Да, папа, я открыл для себя другие университеты. Я узнал, как живут короли (ну, хорошо, пусть не короли, а наследные принцы). Да, я стал против, я стал против всех, законченный монархист с анархистской подкладкой. Не революция, нет, но монархия с открытым вопросом о вере, как говорил второй мой учитель Крис. «Открой, что ты бог сам и стань по ту сторону богов, которых тебе навязывают другие. Говори всем (хотя тебя, быть может, и не поймут), что у каждого человека своя религия».

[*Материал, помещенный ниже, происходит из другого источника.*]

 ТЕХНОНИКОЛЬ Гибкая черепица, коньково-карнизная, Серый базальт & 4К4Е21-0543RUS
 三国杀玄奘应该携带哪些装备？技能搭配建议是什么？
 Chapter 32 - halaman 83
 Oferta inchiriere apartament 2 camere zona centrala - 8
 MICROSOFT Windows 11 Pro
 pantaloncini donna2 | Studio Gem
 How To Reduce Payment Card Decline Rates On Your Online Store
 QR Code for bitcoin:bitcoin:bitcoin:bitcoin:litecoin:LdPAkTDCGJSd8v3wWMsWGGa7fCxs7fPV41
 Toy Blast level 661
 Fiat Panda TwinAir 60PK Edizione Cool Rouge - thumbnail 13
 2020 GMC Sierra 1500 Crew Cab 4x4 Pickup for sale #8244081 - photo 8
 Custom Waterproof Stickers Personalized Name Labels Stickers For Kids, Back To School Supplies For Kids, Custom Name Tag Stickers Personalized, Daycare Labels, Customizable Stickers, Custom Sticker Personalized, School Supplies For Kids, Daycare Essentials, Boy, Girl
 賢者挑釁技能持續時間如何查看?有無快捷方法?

«Ты ничего не понимаешь», – я так и сказал отцу в первый же вечер, когда он обвинил меня, что я просто выбросил на ветер деньги, которые он мне дал на образование. «Вы оба, – оборвал его я, кивая на Нину, – доживете до старости и будете счастливой парой ездить на инвалидных колясках по супермаркетам, я видел таких там, в Америке, и мне такого счастья не надо!» Я хлопнул дверью своей комнаты, показывая, что разговор окончен, а через час собрал вещи и поехал ночевать в общагу к своему другу. Это было вечером, часов в десять. В Москву я прилетел в тот же день в семь утра. Пятнадцать часов в семье и я уже был сыт по горло. На хер! Его проповеди взбесили меня с первых же слов, как будто он и был один из тех клерков, которых так презирал Дипендра. Я почувствовал в себе какую-то странную морозную легкость, легкость морозного солнечного дня, все ту же кокаиновую легкость (хотя я уже с неделю как не забрасывался), претворенную теперь в священный гнев, и я обращал его в слова, которые так свободно и так легко бросал им как несомненную правду – «Неужели же вы, взрослые люди, не видите!» Я словно бы хлестал их презрительно по щекам, вот вам, вот вам, вы же хотели от меня с этой Америкой избавиться, думаешь, я, папа, не понимаю?! Поддельный мир, папа, поддельный мир, вы просто разыгрываете по инерции ваши супружеские роли, но вы уже все давно для меня мертвецы. А для меня остается только любовь и свобода. И ты, папа, так ничего и не понял в этой жизни, потому что ты неудачник и ты предпочел инфантильное болото брака своей любви!